▶

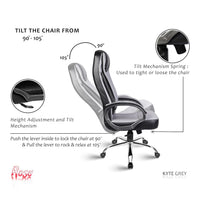 Thumbnail for Kyte Leatherette Executive High Back Revolving Office Chair (Grey & Black)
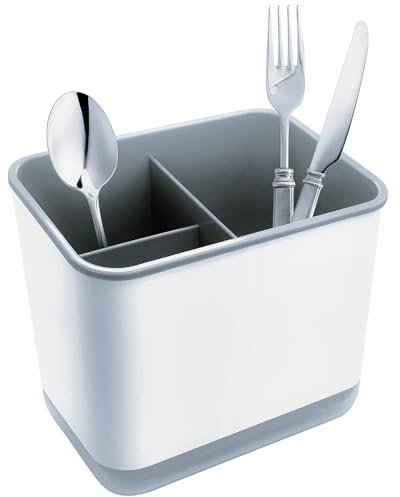 XFLYP Utensil Holder Cutlery Drainer Sink Caddy, 3 Compartments with Drainer, Cutlery Holder for Kitchen and Bathroom Storage Plastic Tableware Storage Drain Box Sink Cleaning Up (Grey)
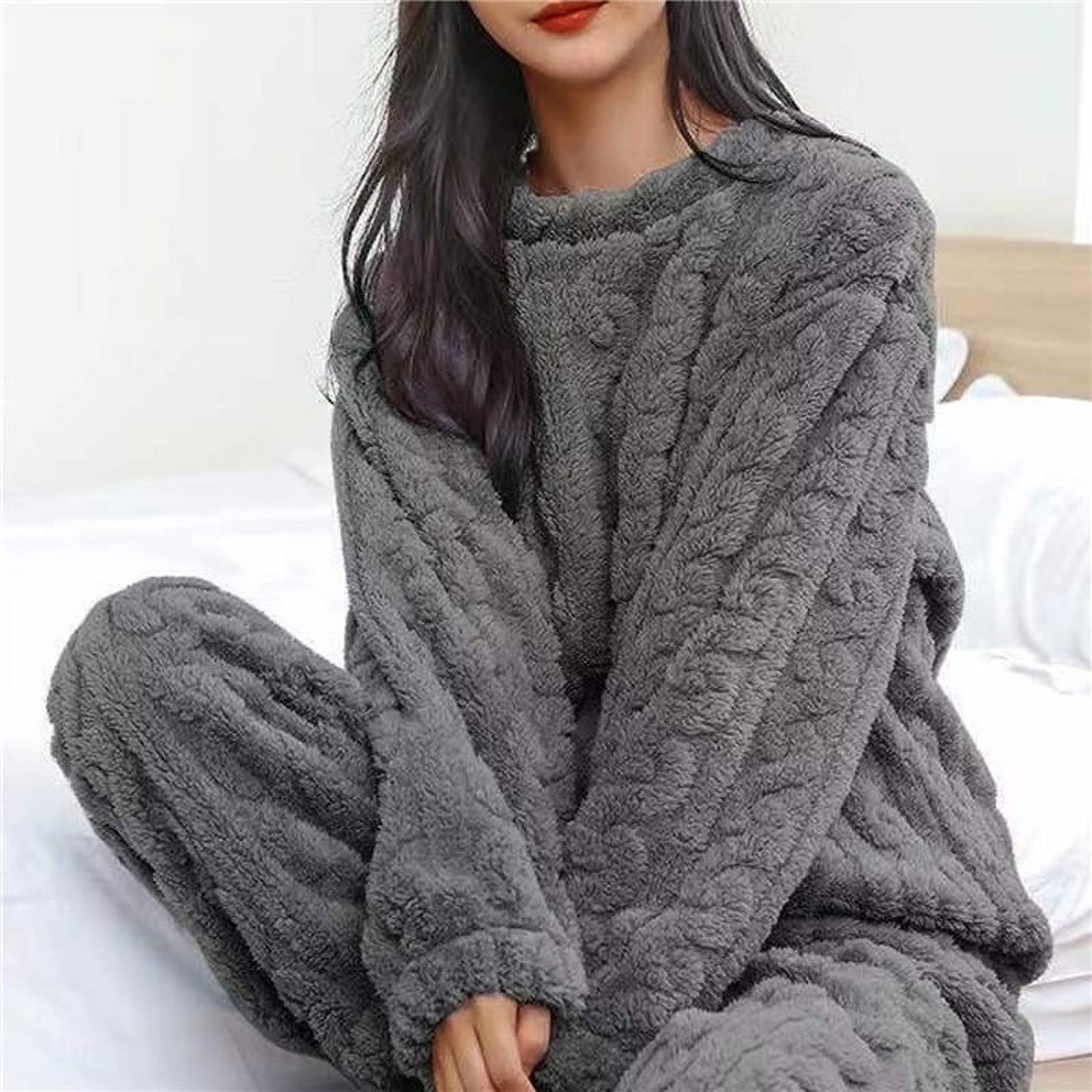 Women Fleece Pajamas Set Winter Sleepwear Solid Velvet 2 Piece Pant Home Suit Fluffy Casual Pajamas Warm O Neck Night Wear 2023 Other 40 70kg 500g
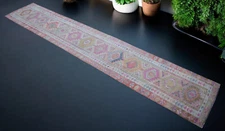 3x15 ft Runner Turkish Rug Hand Made Extra Long Hallway Rug Kitchen Decor Rug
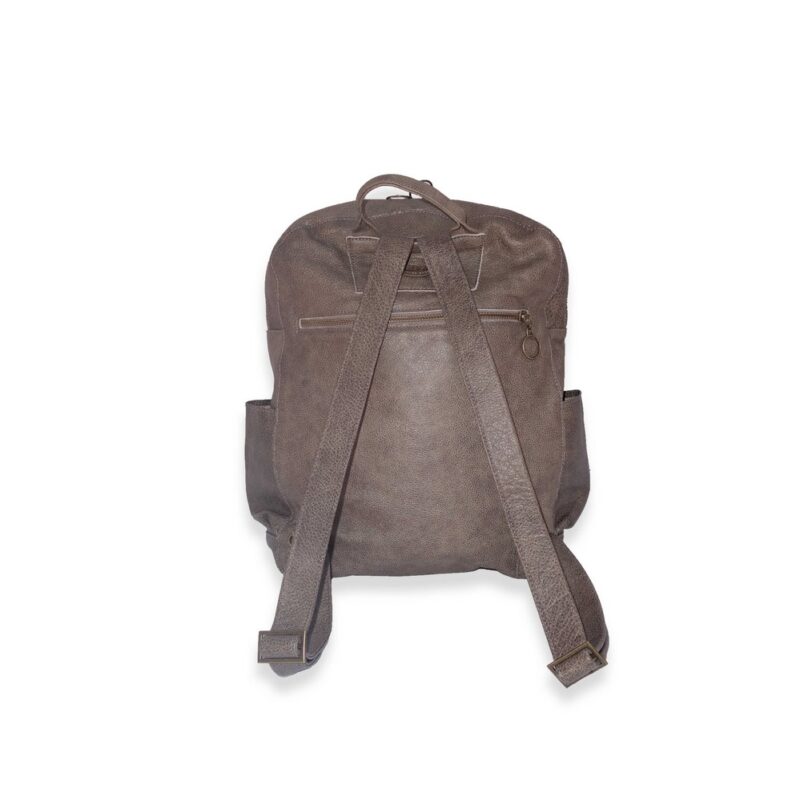 תיק גב גדול "תרמיל" מעור בצבע אפור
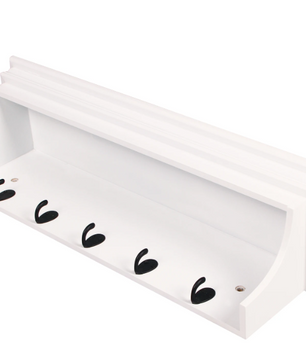 Wandplank met 5 Haken – MDF Wandrek voor Badkamer, Hal & Woonkamer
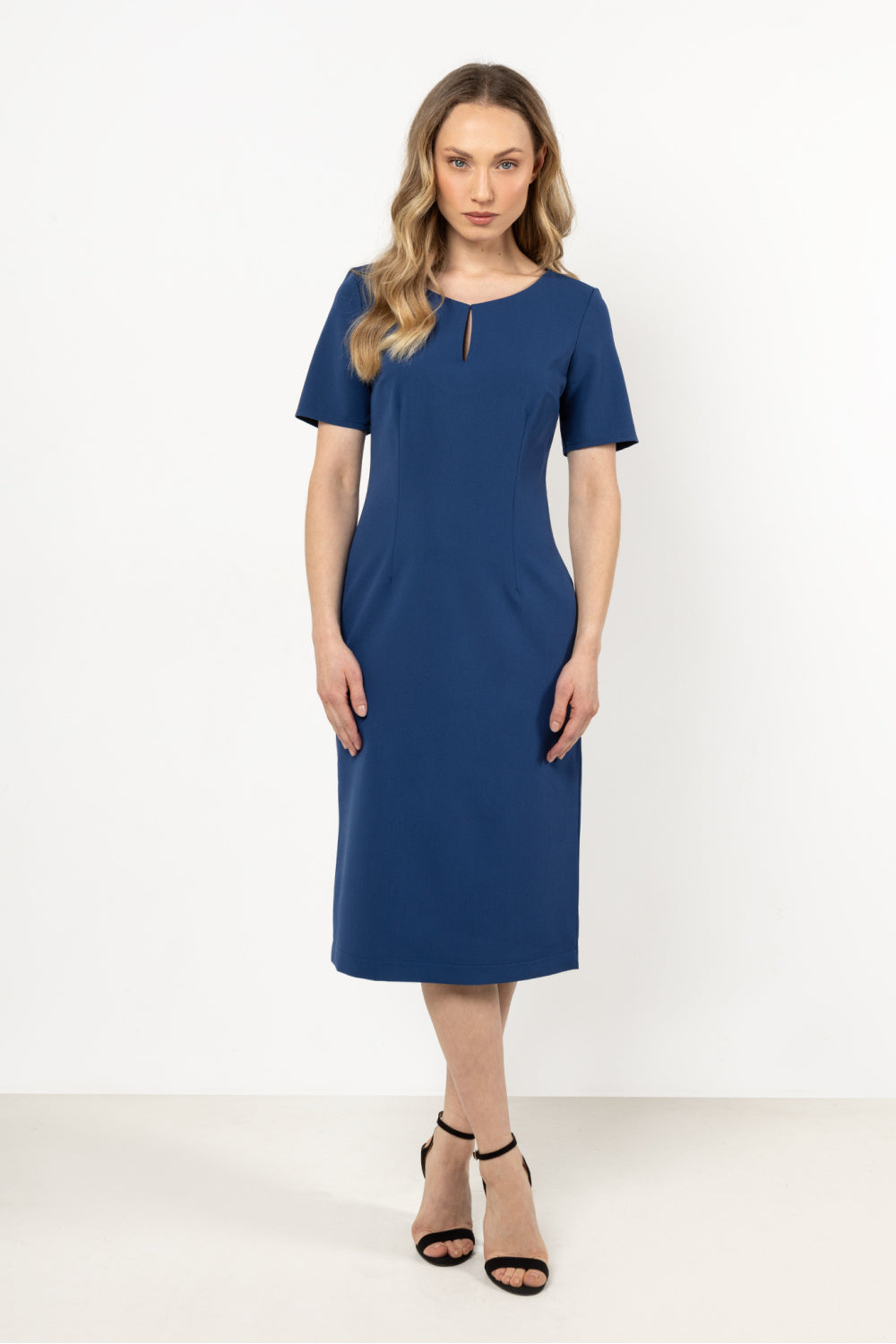 Awama Blue Bodycon Short Sleeve Dress - view 2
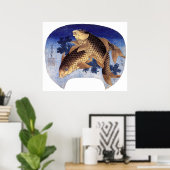 Poster Deux Carpes, Hokusai (Bureau à domicile)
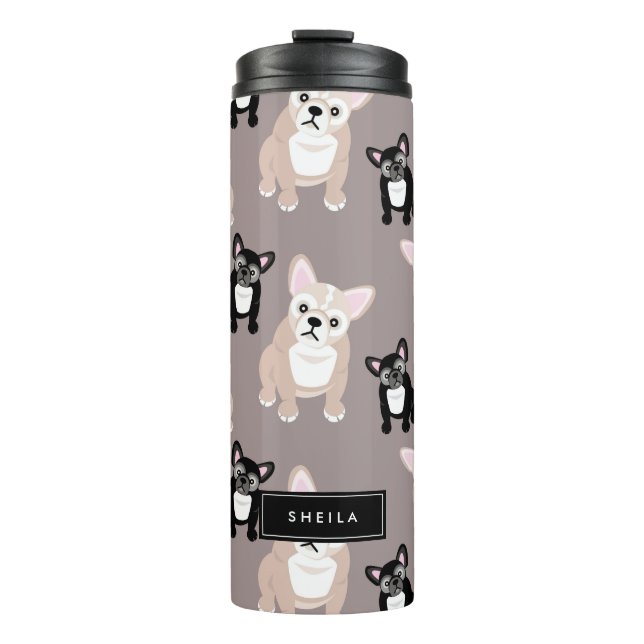 Cute French Bulldog Puppy Pattern Thermal Tumbler (Front)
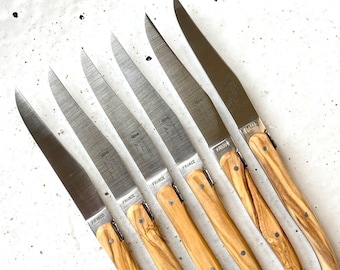 Laguiole Steak Knives Set of 6 | Olive Wood Handles, Made in France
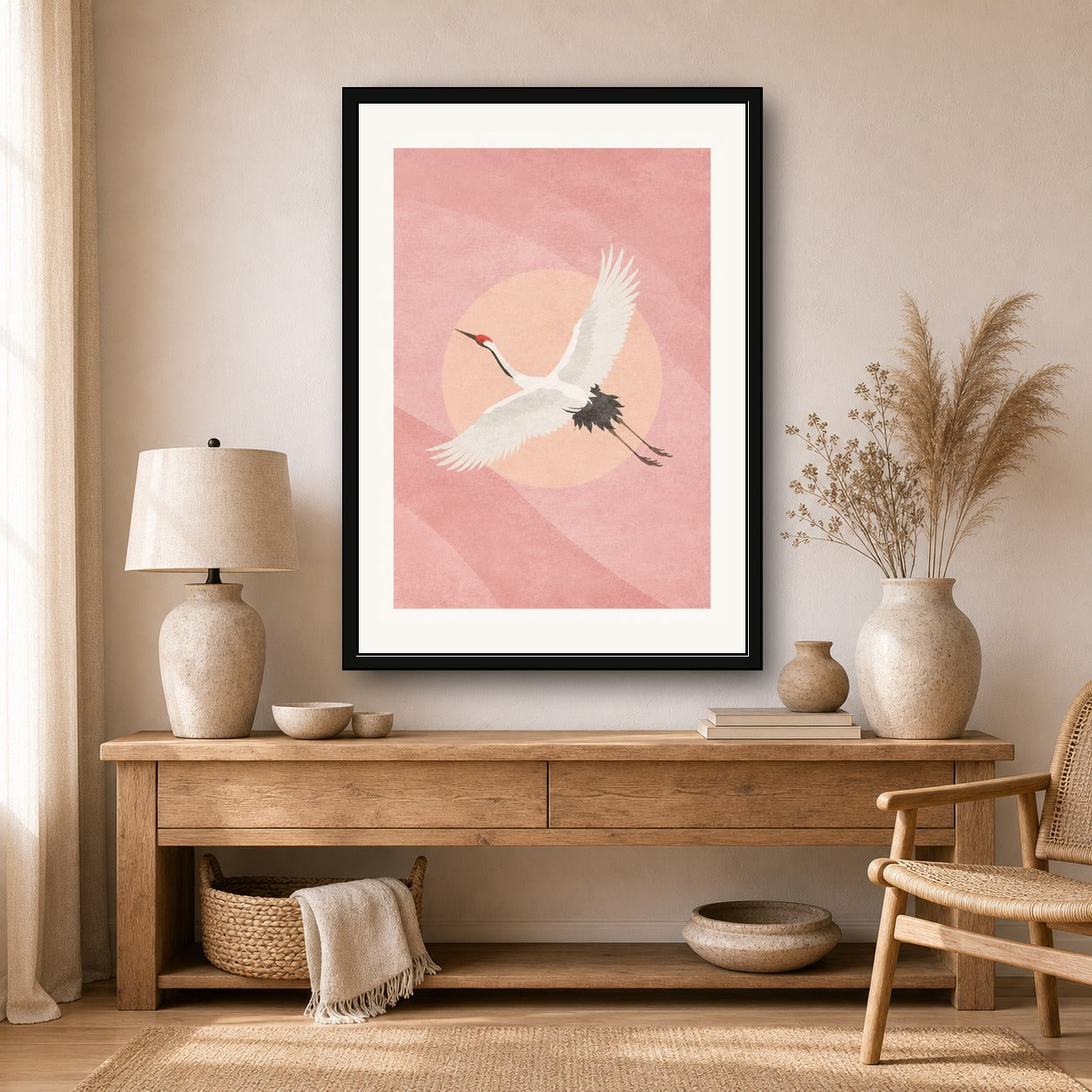 Graceful Japanese Crane Art Print, Blush Pink Serenity Wall Decor, Minimalist Japan Travel Poster in Six Sizes - corrected A room mockup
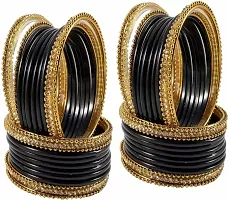 Glass empire Glass & metal Anju Bangle Set For Women & Girls (Pack Of 48) (2.8, Black)-thumb1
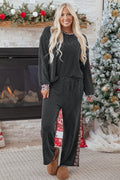 Carbon Grey Twisted Rib Leopard Patchwork Top & Pant Set | UK 8–22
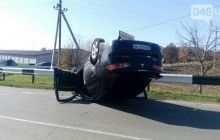 Под Одессой произошло массовое ДТП, одна иномарка перевернулась (фото)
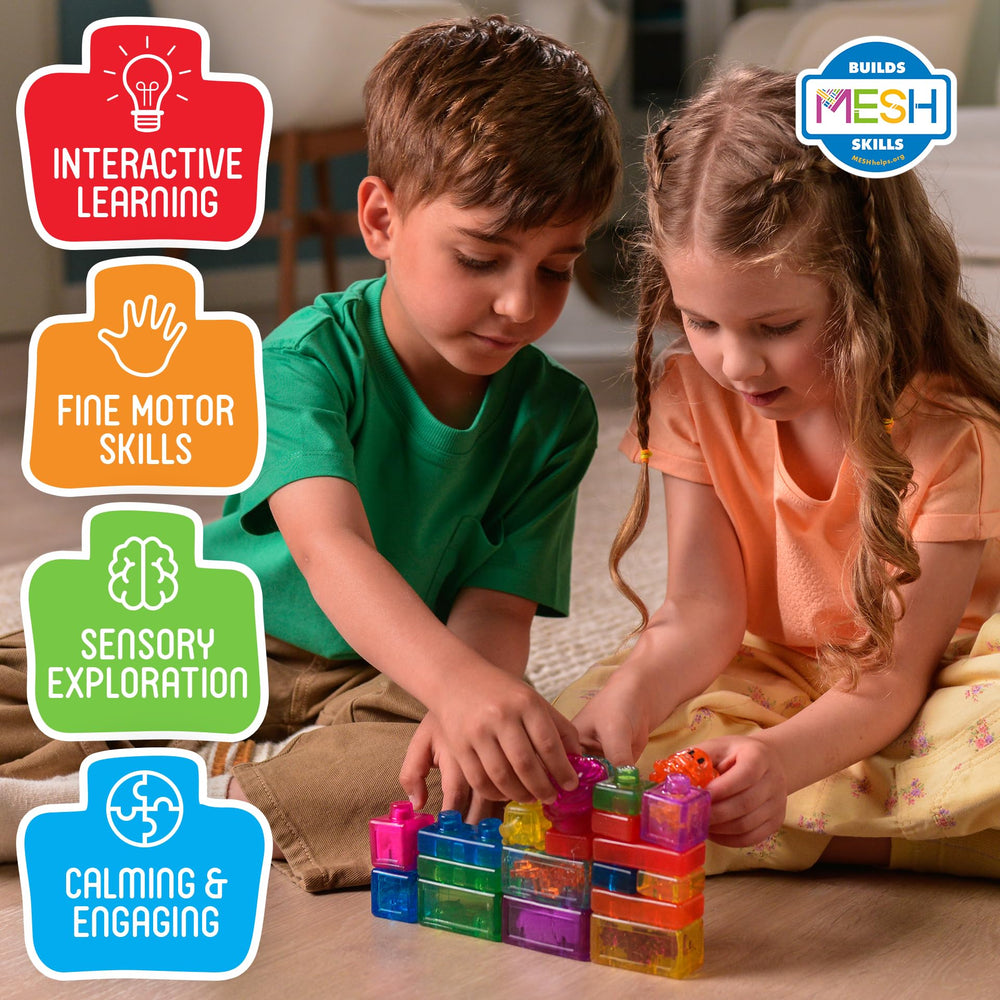 Jelly Blox rainbow foam beads provide varied texture for squeezing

◀

### Problem description
An exact transcription is requested of each line from the one that holds "Carbon Grey Twisted" to the end of the listing above, both boundary lines included; pictures are to be omitted.

### Result
 Carbon Grey Twisted Rib Leopard Patchwork Top & Pant Set | UK 8–22
 Под Одессой произошло массовое ДТП, одна иномарка перевернулась (фото)
 Jelly Blox rainbow foam beads provide varied texture for squeezing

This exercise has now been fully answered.